Esta aventura surrealista terá sido, pois, um «movimento de rutura, com as suas próprias ruturas internas, (…) sem mártires nem heróis(…)» - conclui a autora na última das 208 páginas deste livro.
Esta é, quanto a nós, uma obra imprescindível para quem pretenda conhecer o movimento surrealista em Portugal do ponto de vista da sua especificidade cultural e da articulação com o contexto sócio-político da época em que surgiu entre nós, o pós segunda Guerra Mundial.
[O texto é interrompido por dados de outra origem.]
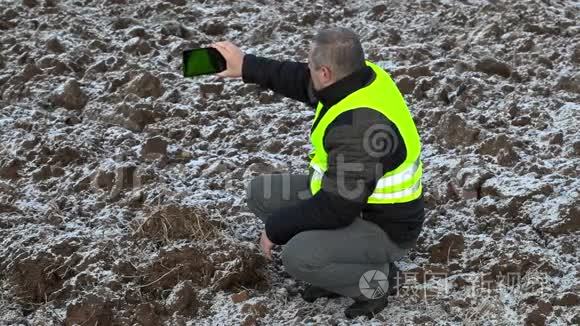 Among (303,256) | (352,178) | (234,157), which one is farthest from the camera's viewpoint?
(234,157)

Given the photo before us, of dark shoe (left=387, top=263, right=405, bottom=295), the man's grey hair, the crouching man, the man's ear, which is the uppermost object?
the man's grey hair

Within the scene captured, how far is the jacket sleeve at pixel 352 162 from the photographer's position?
3.07m

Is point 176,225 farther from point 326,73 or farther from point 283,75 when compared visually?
point 326,73

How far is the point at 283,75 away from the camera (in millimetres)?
3561

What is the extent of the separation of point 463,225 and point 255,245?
101 cm

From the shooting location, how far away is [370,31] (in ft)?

Tal como a autora avisa logo na introdução, não se trata de uma análise estética da produção artística e literária surrealista pois «o que se pretende é um melhor conhecimento do que motivou o aparecimento do surrealismo em Portugal, da razão do seu atraso, do momento histórico em que se afirmou, da relação entre os seus intervenientes.» Em nossa opinião isso é plenamente conseguido e uma das razões é o recurso a documentação escrita que nunca tinha sido manuseada de forma sistemática. É o caso da numerosa correspondência trocada entre os protagonistas da aventura surrealista, e também, os catálogos das exposições, artigos, panfletos, comunicados, entrevistas, livros, depoimentos mais recentes e, por último, os arquivos da PIDE/DGS. Estas fontes são criteriosamente convocadas ao longo da obra, numa fluência de exposição que torna a sua leitura extremamente atraente e proveitosa.

Não por acaso, este longo ensaio foi distinguido em 1999 com o Prémio de História Contemporânea Dr. Vitor de Sá e em 2000 com uma Menção Honrosa do Prémio Fundação Mário Soares.